И Клава шла не торопясь не только потому, что устала, но и потому, что поддалась тихому ласковому вечеру.
На первом пути увидела состав теплушек; в их открытых настежь дверях стояли, сидели, свесив ноги, бойцы. В той теплушке, к которой она подходила, кто-то пел в неполный голос грустную песенку про расставание и так же тихо подыгрывал себе на баяне.
— Прощай, молодая, — услышала Клава как бы продолжение тихой песни и, увидев устремленные на нее глаза, улыбки на лицах, почувствовала, что бойцы ждут ее ответа, что им хочется поговорить, остановилась.

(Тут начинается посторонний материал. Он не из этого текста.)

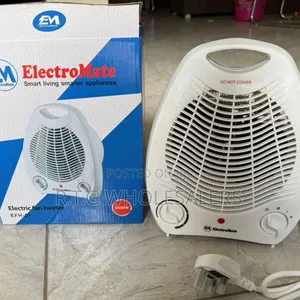 Electromate Portable Electric Fan Room Heater – Two Heat Settings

— Зачем так? Зачем прощай? — сказала она. — До возвращения — вот теперь как говорить надо. Прогоните немца, накладете ему в шею как следует, да и возвратитесь. — И вдруг невольно сорвалась: — За моего там… бейте…
— Что… аль?! — вздохнули в теплушке. — Аль получила уж?
— А ты не верь! Не верь! — заговорили другие. — Бывают ошибки, сколько хочешь.
— Жди, и только. Не теряй себя, не поддавайся.
— Это главное…
Ей казалось, что каждый кричит ей то, что не успел сказать своей жене, матери, или же просто от души хочет повторить еще раз сказанное им, своим близким, на прощанье. И, слыша в их голосах участие, теплоту, видя, как даже задние тянутся, чтобы взглянуть, сказать свое, рванулась к ним — «ведь туда едут… туда!», — рванулась всей душой и, не находя слов для ответа, для благодарности, подалась всем телом к уже дрогнувшему, готовому к отправлению составу.
И вдруг кто-то рядом, грубо смеясь, схватил ее за плечо:
— Куда ты? Как ее к мужикам тянет, изголодалась, бедняга! Прыгай уж скорей, а то уедут.
Поднятая для удара рука Клавы остановилась на полдороге. Слыша разноголосый крик в тихо тронувшейся теплушке: «Двинь его!.. Подлец!.. Окопался в тылу над женщинами надсмехаться… Пустите… Я ему покажу! Пусти, говорю!» — видя, что кого-то удерживают, чтоб не выпрыгнул на ходу, она побежала рядом с теплушкой.
— Счастливо вернуться, братцы! Езжайте спокойно. О такую грязь, как этот, руки пачкать не стоит… Сами справимся. Всего вам!.. — и отстала.
— Имя-то твое как? Как? — донеслось протяжно, и состав ушел.
И только тогда заметила, что по лицу бегут и бегут слезы — не от горя, не о Степане, а от горячего желания, чтоб вернулись эти, чтобы все у них было хорошо, и от чего-то еще большего, чего сама не понимала.
Шагнула в сторону, вытирая лицо, хотела обойти подходившую к ней женщину в странном белом платье, видном из-под шубы — не сразу догадалась, что это фельдшерица Вера Семеновна из станционного медпункта, — но та подошла ближе и прижала ее к себе.
— Ну-ка, давай успокойся… Уразова? Хорошо ты их проводила… А я двух больных из состава сняла. Слышала я… сказала ты про себя. У меня оба сына там… от младшего, комсомольца, ничего давно нет. А что сделаешь?.. Если у тебя время есть, пойдем, помоги в госпиталь этих двух отправить. Поможешь?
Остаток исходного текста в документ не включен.